How does Uganda emerge as the leader? Why doesn’t South Africa rate higher? And where’s Nigeria?

Our Method
As I explained in my recent article about our Middle East rankings, we seek to develop a relative, “pound-for-pound” ranking that can uncover diamonds in the rough and more important, show well a nation is doing with respect to its available resources.

We integrate several technology and social factors into our algorithms — on the one hand including average bandwidth, access to broadband, number of dataservers, on the other hand including income disparity, perception of corruption, human development, and the local cost of living.

This results in rankings that show how well the nations of the world are doing compared to what they already have, with the dynamic that the top performers will continue to outpace the laggards.

We will have another major update at Cloud Expo in Silicon Valley the week of November 4. We are also working on developing regional and city rankings, a massive undertaking for us that won’t be complete until sometime next year.

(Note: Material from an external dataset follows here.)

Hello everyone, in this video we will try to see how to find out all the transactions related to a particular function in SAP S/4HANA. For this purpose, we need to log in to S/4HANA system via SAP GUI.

Meanwhile, to answer the above questions:
Uganda scores well primarily because of what it has achieved in the face of one of the lowest per-capita income levels in the world. It has provided access to 13% of its citizens, actually the second-highest ratio of access to income in the world (trailing only Kenya). Its income disparity level, while high, is lower than many of its neighbors. It has a relatively high average bandwidth speed, given its income. Integrate all of our factors, and Uganda emerges as the true diamond in the rough in Africa.
No one familiar with South Africa today needs to be told that the country remains unfulfilled in its potential. Income disparity that remains among the highest in the world means benefits of IT are not flowing comprehensively through the nation. The country is in the lower quartile for Internet access and broadband connectivity vs. income. Nonetheless, South Africa does still crack our Top 10 for Africa. We don’t factor the sheer size of a nation’s economy, but of course South Africa’s continues to make it an attractive venue for businesses and investors.
Less can probably be said about Nigeria, which has well-known problems accompanying (and perhaps exacerbated by) its oil wealth. In our rankings, it comes up 12th among the African nations, between Tanzania and Malawi. Its large population and size of its economy continue to make it attractive. Separately, it may serve as a model for our incipient efforts to look at specific regions (ie, Lagos State).

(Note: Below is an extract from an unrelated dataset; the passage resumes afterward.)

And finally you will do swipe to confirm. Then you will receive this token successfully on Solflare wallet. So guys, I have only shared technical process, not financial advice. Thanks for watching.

A major thrust of our work is to identify and explore those countries that may not come immediately to mind. To that end, our rankings can be used to start conversations about the top countries I’ve listed above. Ghana is a country that has received a lot of recent attention (including that of President Obama), and its official use of English makes it intuitively attractive to many. However, also in West Africa, French-speaking Senegal should not be overlooked.

Committed to Non-Violence
As I noted in my earlier piece, our Institute is small, headquartered on a former liberal-arts college campus in Northern Illinois, and in Metro Manila, Philippines. We have a few selected advisors in Africa.

We are also committed unequivocally to peaceful means of solving all problems. This can be a difficult point of view to adhere to, but having seen enough violence on small scales and larger scales, I for one take the view that no further human progress is possible through violent means of any type. Violence has been a great scourge to Africa and the world up to the present day. We’re committed to our research and applying it in a non-political way that (with hope springing eternal) can improve economies and lives.